On 28/07/2014 11:52, The Natural Philosopher wrote:
On 28/07/14 08:19, John Williamson wrote:
On 28/07/2014 01:56, The Natural Philosopher wrote:
On 27/07/14 22:24, newshound wrote:
On 27/07/2014 21:40, wrote:
Nightjar wrote:
AC for simple long-distance transmission...
Except for underwater cables, where it can cause unacceptable
transmission losses.

How does immersing a 11kV AC cable in water increase transmission
losses? This isn't a joke question, I can't see how the medium
surrounding a cable changes the action of the cable itself, other
than cooling effects.

jgh

It's losses in the dielectric, so it applies to underground cables too.
Dielectric losses in air are low.

No it really isn't dielectric losses.


It's capacitive loading.


Exactly.

But the power isn't lost *in* the dielectric, its lost in driving the
current down the wires *to* the dielectric.

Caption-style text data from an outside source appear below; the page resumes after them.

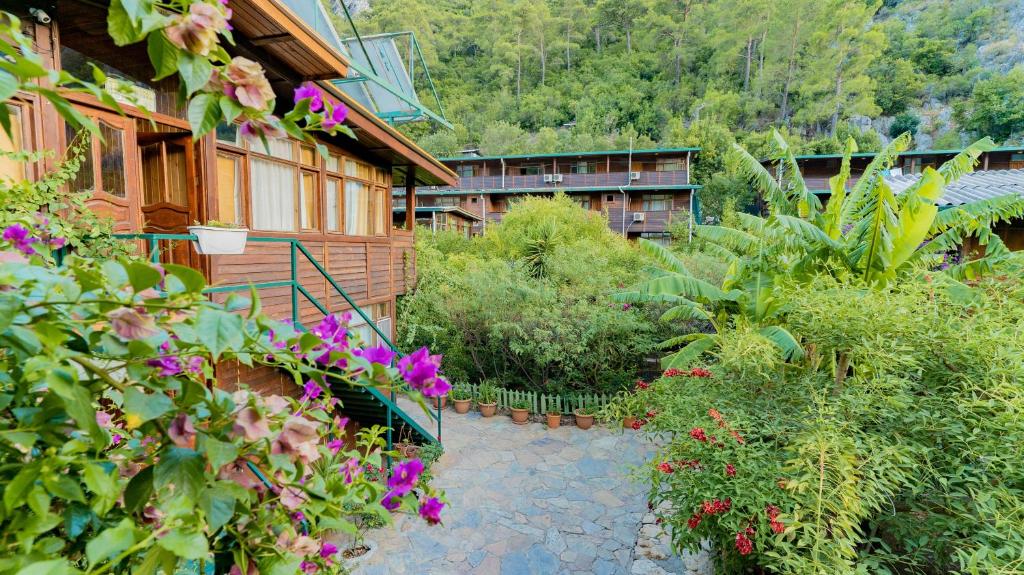 an outdoor garden with flowers and a building at Turkmen Tree Houses in Olympos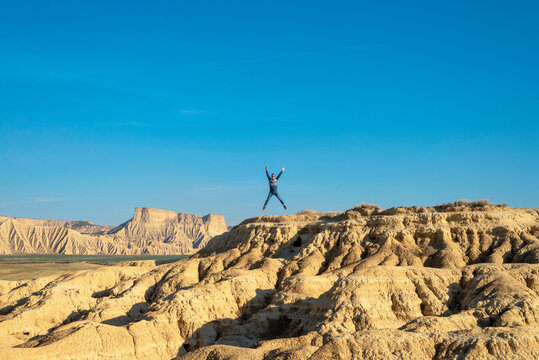 Man with sunglasses jumping with arms raised on a desertic hill against blue sky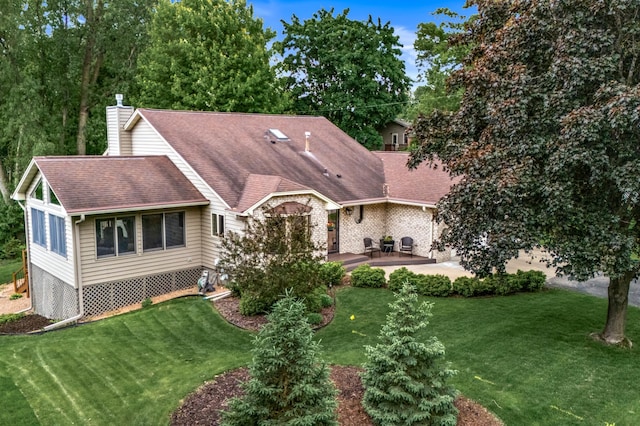 480 Suzanne Ave, Shoreview, MN 55126 - rear view of property with a patio area, a lawn, a chimney, and roof with shingles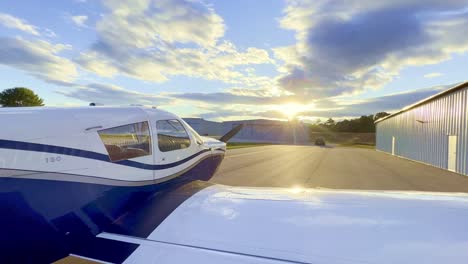 Privatpilot-Steigt-Vom-Flügel-Der-Piper-Cherokee-180-Ab,-Mit-Sonnenuntergang-Im-Hintergrund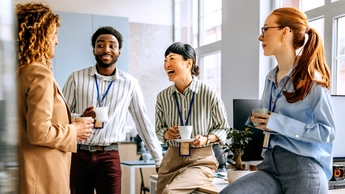 Coworkers talking and drinking coffee at office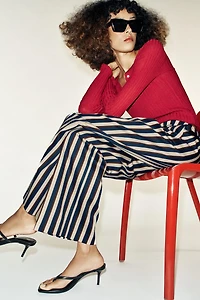 PANTALON À RAYURES ET CEINTURE
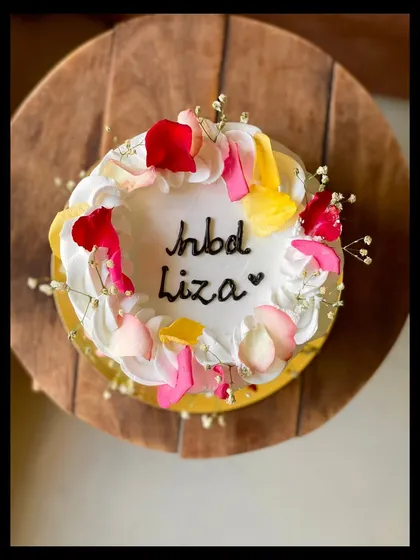 A simple birthday cake made beautiful with a scattering of fresh, colorful rose petals and baby's breath.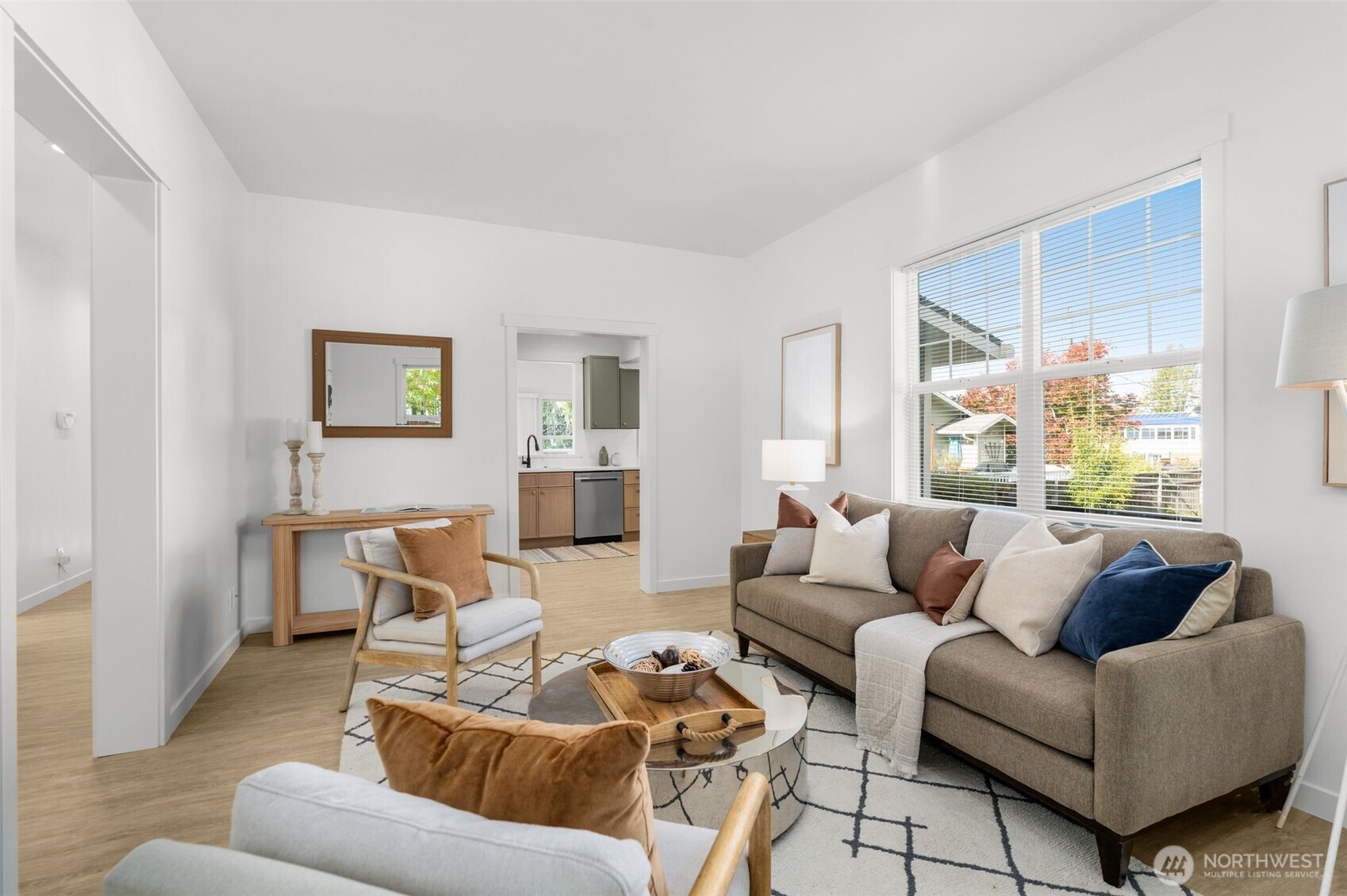 6507 41st Avenue Southwest Seattle, WA 98136 - Photo 7 of 37 a living room with furniture and a large window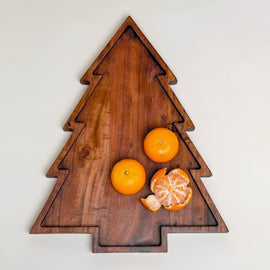 “Wooden Christmas tree–shaped serving board with carved groove, shown with oranges on top.”
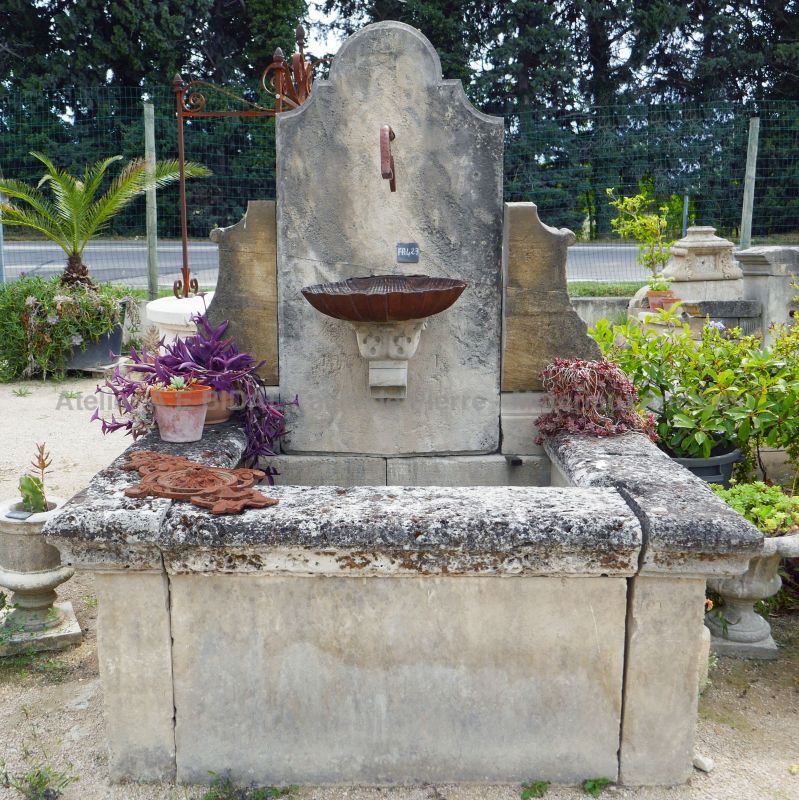 Beautiful wall fountain made of patinated stone and cast iron | Provencal fountain for garden landscaping.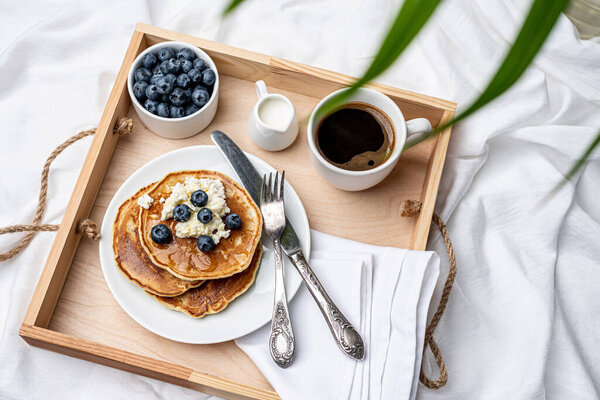 Sunday morning. Delicious breakfast of pancakes, berries and coffee on a wooden tray.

You are quite right, of course. But the term "dielectric loss" is the
one which CEGB trainers used to use when lecturing mixed classes of
mathematicians, physicists, and all types of engineer to explain why
pylons were the prefered method of transmission, with underground cables
the least desirable from the viewpoint of efficiency.

It's a convenient if not very precise shorthand.